Communication Design School of Design Singapore

Elysia Tjanderawasi (she/they)

Graphic Designer | Illustrator

Elysia is a curious designer that enjoys seeing ordinary things in a new light and hopes to reignite others’ sense of wonder by changing their perception of the world.

Her works are heavily research-driven as she believes in gaining a deeper understanding of various related themes for a project to be more focused and well-defined, and therefore, easier to tackle. Her strengths lie in traditional illustrations and hands-on crafts, and she has recently found joy in combining tactile and digital mediums.

For a hobby, she has an Instagram account where she posts her free-time illustrations. Her other interests include animals, nature, crafts, animation, and photography!


You can view more of her works in the Behance link below.




Humans versus sea creatures, who are the real monsters? As we stand on the verge of exploring the Mesopelagic Zone, this book reflects that the greatest threat to these creatures and indeed to our planet is us.

This project aims to raise awareness about the danger that the ocean is facing due to human actions. The target audience is adults aged 25 years old and above, specifically those unknowledgeable about the sea and not environmentally conscious.

The publication was written in a poetic style and traditionally illustrated to mimic a scientific explorer’s journal. It also includes various essays and articles from ethologists, primatologists, and other scientists.

Cover design

Organic type-making combined with dark blue colour palette. This dynamic visual reflects the mystery of the topic of the deep sea.
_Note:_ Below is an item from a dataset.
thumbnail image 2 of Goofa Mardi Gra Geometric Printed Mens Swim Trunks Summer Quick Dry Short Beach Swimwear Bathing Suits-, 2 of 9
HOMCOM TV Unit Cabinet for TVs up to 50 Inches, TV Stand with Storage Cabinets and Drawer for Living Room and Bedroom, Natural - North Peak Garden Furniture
Setting the scene imaginatively: poetic writing describing monster-like qualities in humans’ lifestyle. Examples in the book: "...these same creatures enter colourful beetles that crawl on asphalt paths," are cars, and "these creatures also control the giant bird-like machines in the sky," are planes. "What planet is this? Why do these creatures travel in this way?"

Human Nature and Animals

Philosophical and anthropological stance that humans are animals with examples of creatives exploring this concept. Reveals the nature of humans and how humans think they are more superior and segregates themselves from other animals.
The segment concludes with an intriguing insight of the irony of humans being inhumane, more beastly and “animal-like” than the animals themselves. Quoted from the book, “there are monstrous qualities of our remarkable creations, and there are the monster-like qualities to our inhumanity.”

The Deep

The other half of the book shows our little understanding of the ocean and teaches readers about it. It has an introduction to Mesopelagic Zone (chosen as it is the next affected area after coral reefs) and reveals the importance of the ocean.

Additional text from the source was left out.